Traveling Lecture and Expedition in Tanzania

Posted: March 13, 2013

This reporting period students participated in two major academic activities; these are Traveling Lecture and Expedition.

The traveling lecture was done to Jangwani Wildlife Corridor in Mto wa Mbu area. The Jangwani corridor serves as the wildlife migration corridor between core protected areas in the Tarangire-Manyara ecosystem. This connects Manyara and Tarangire National Parks, Ngorongoro Conservation Area and Manyara Ranch, and also is used as the game hunting ground.

Students learned the importance of the corridor to the sustainability of wildlife resources and how local people can participate in protection of these corridors.

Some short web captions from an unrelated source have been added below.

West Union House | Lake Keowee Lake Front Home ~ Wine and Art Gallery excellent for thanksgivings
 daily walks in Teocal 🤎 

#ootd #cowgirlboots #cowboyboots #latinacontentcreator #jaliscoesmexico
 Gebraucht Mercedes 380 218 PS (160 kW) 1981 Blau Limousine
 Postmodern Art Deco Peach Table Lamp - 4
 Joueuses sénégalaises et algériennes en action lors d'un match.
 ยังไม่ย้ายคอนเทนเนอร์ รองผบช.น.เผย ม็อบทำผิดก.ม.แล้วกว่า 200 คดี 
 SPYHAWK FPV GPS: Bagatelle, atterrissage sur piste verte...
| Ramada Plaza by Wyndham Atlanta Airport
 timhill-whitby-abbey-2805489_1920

The Jangwani corridor also is part of the Lake Manyara Biosphere Reserve, where students held a discussion on the concept of biosphere reserve and the current challenges facing Lake Manyara and suggested possible solutions for these challenges. Furthermore, they were lectured on how wildlife hunting activity is being conducted legally in Tanzania with the conservationists dilemma of whether continue or stop hunting.

The Expedition was from February 28th to March 05th, 2013 to Tarangire and Arusha National Parks. Also students have had an opportunity to visit and have a focus group discussion with the Burunge Wildlife Management Area leadership on local community participation in the conservation of wildlife resources as the type of land use for economic and social benefits.  In Tarangire National Park, students had a field exercise on identification of elephant sex and age, and general wildlife counts. In Arusha National Park, students mainly carried out water bird counts and animal association exercises.

Ultimately, the travelling lecture and expedition were academically very enriching to students as they exposed them to true situations in the field and enabled them to conduct practical field exercises.